** Work item **
Below are records; reproduce exactly the lines from the one that has "Maikutlo Attire" through the one that has "Photo 4 of Single", ends included, and nothing more.

** Provided entries **
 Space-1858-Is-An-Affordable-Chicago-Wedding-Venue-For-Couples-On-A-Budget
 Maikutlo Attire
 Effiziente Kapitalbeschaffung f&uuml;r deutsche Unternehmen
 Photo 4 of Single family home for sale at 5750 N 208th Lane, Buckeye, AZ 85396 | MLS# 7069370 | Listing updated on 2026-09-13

--

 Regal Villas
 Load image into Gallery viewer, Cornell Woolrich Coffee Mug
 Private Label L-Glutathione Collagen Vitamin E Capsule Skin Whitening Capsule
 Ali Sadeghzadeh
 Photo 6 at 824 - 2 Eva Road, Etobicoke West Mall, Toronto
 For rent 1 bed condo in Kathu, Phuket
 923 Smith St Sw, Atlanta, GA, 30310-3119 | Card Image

--

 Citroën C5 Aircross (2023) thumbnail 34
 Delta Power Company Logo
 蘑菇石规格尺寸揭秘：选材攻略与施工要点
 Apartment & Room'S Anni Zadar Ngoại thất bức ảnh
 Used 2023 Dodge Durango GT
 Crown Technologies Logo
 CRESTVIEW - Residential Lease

** Exercise response **
 Maikutlo Attire
 Effiziente Kapitalbeschaffung f&uuml;r deutsche Unternehmen
 Photo 4 of Single family home for sale at 5750 N 208th Lane, Buckeye, AZ 85396 | MLS# 7069370 | Listing updated on 2026-09-13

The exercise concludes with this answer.